DATASET CONTENT:
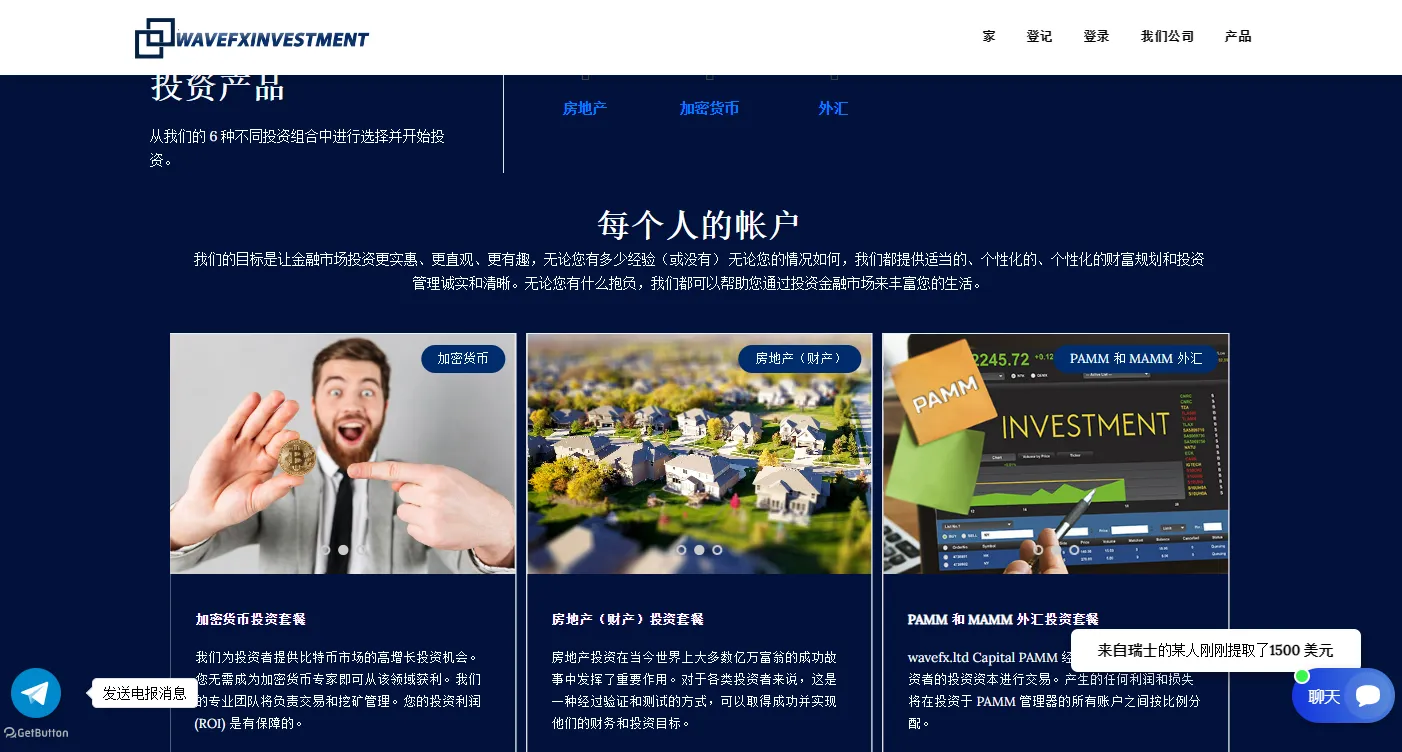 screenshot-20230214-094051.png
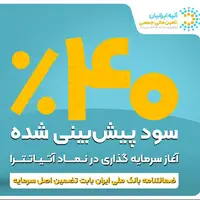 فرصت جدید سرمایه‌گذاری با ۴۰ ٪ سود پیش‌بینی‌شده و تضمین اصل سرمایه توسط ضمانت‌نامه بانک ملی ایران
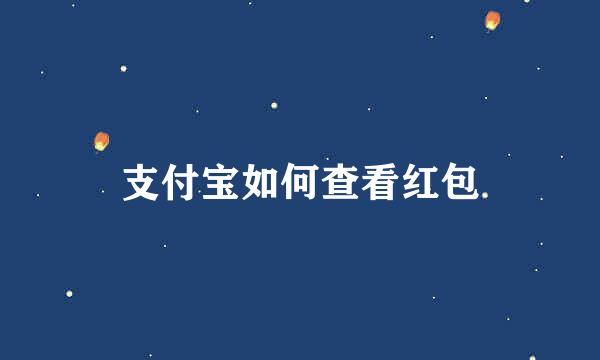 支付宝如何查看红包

...

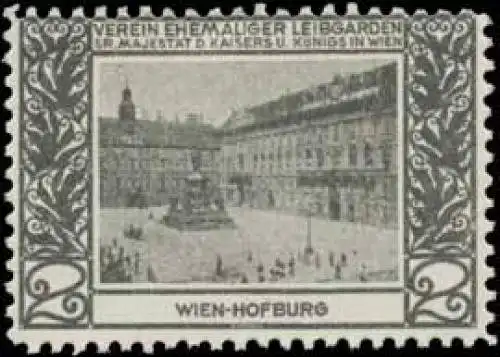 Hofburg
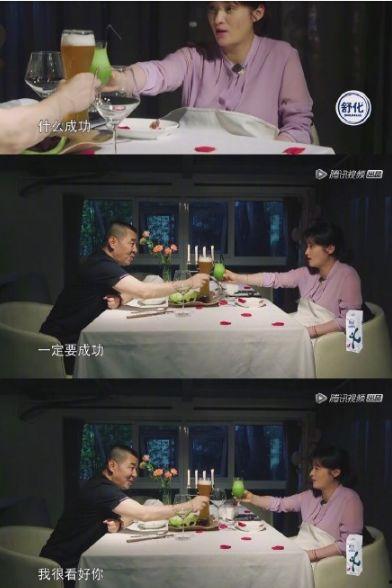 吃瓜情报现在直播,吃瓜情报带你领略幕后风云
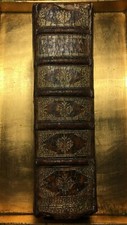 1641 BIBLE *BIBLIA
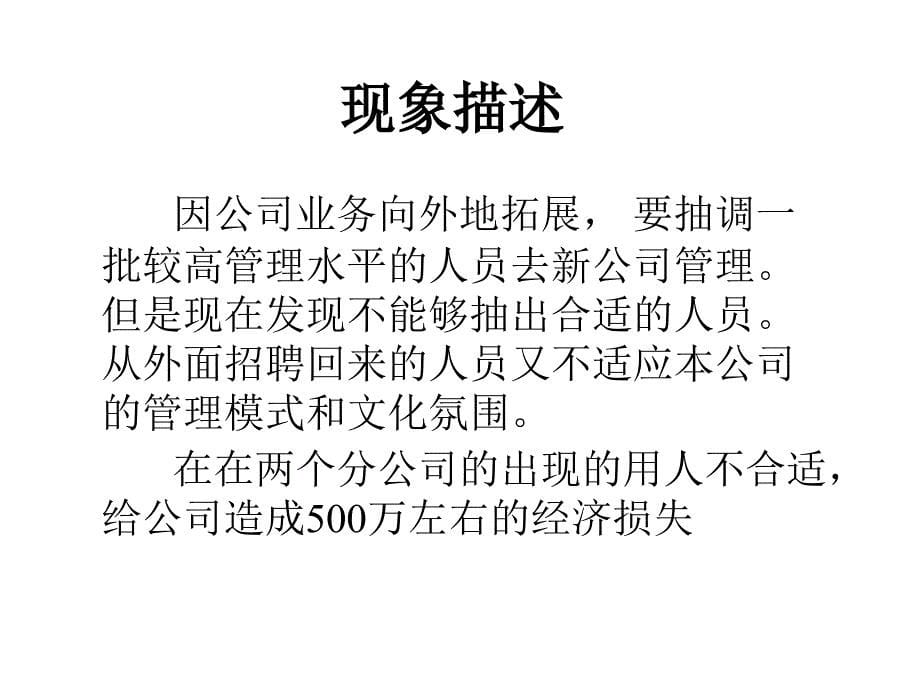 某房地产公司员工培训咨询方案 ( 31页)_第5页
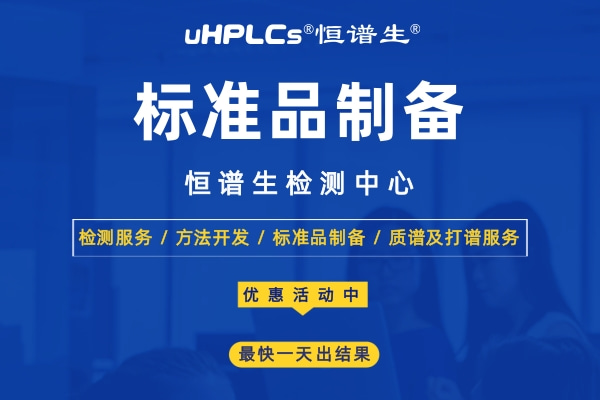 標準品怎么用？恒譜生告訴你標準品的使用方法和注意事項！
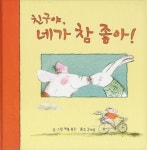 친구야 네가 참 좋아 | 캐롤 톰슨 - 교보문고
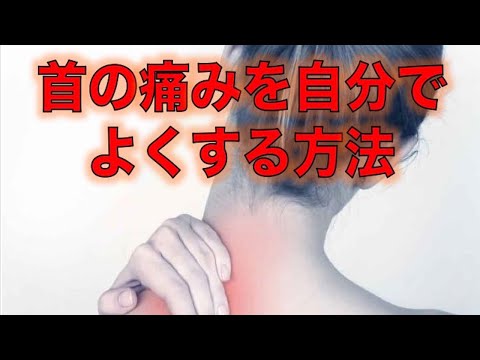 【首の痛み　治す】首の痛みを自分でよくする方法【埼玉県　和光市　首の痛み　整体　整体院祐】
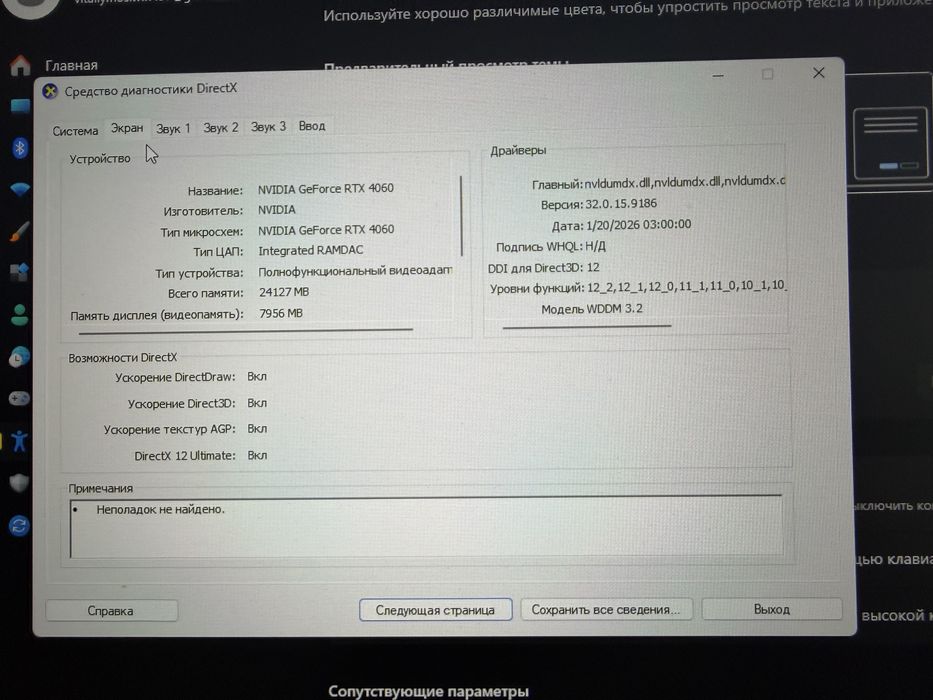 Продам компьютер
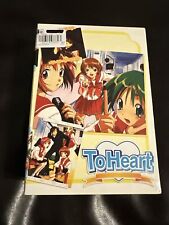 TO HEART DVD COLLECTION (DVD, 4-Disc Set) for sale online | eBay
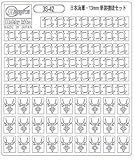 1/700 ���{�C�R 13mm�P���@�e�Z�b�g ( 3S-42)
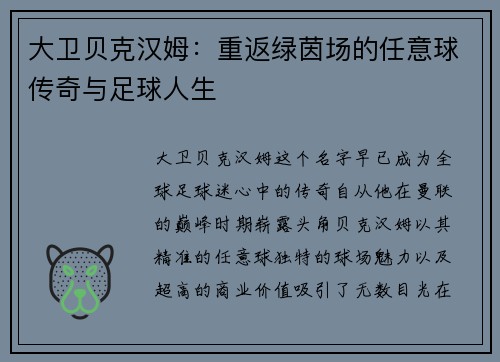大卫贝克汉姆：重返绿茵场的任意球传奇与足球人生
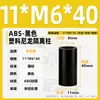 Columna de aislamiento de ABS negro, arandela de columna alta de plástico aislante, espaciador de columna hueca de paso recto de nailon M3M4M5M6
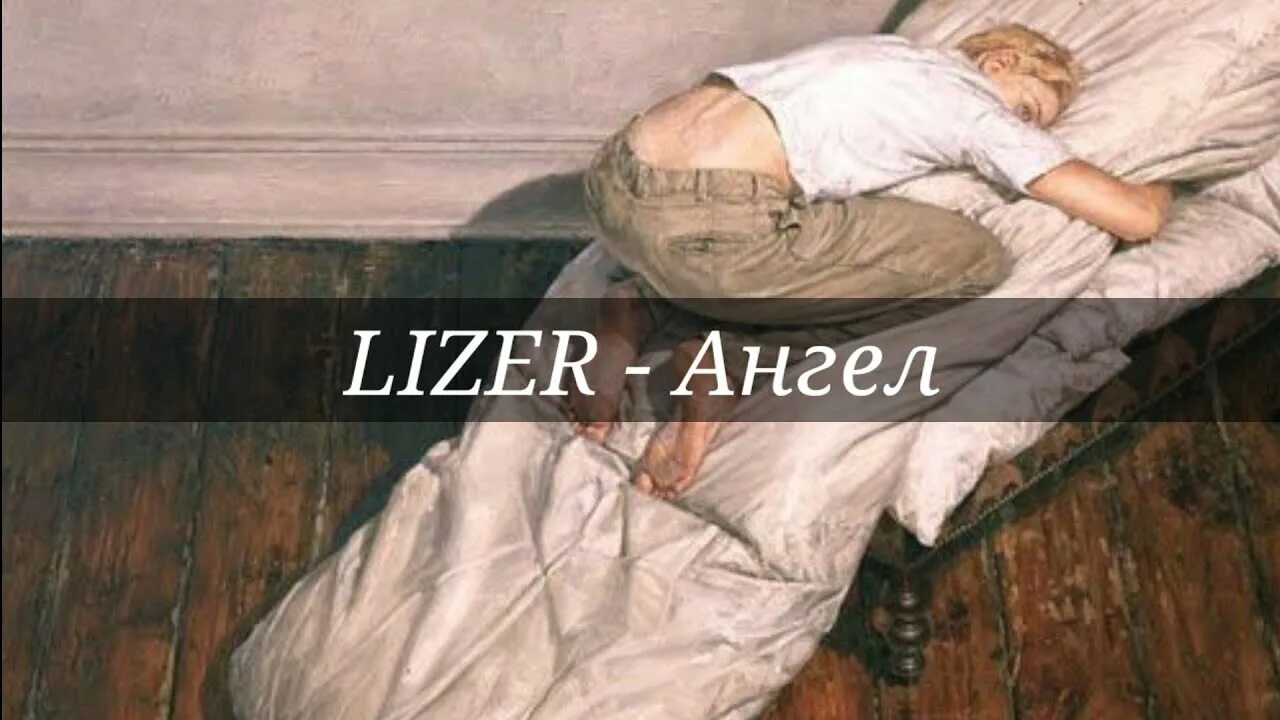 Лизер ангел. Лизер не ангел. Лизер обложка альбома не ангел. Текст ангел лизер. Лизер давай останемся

REQUIREMENT:
Your answer should be the exact lines above from the one containing "13mm�P���@�e�Z�b�g ( 3S-42)" through the one containing "Лизер ангел. Лизер", with both end lines kept and the pictures removed, please.

WRITTEN SOLUTION:
 1/700 ���{�C�R 13mm�P���@�e�Z�b�g ( 3S-42)
大卫贝克汉姆：重返绿茵场的任意球传奇与足球人生
 Columna de aislamiento de ABS negro, arandela de columna alta de plástico aislante, espaciador de columna hueca de paso recto de nailon M3M4M5M6
 Лизер ангел. Лизер не ангел. Лизер обложка альбома не ангел. Текст ангел лизер. Лизер давай останемся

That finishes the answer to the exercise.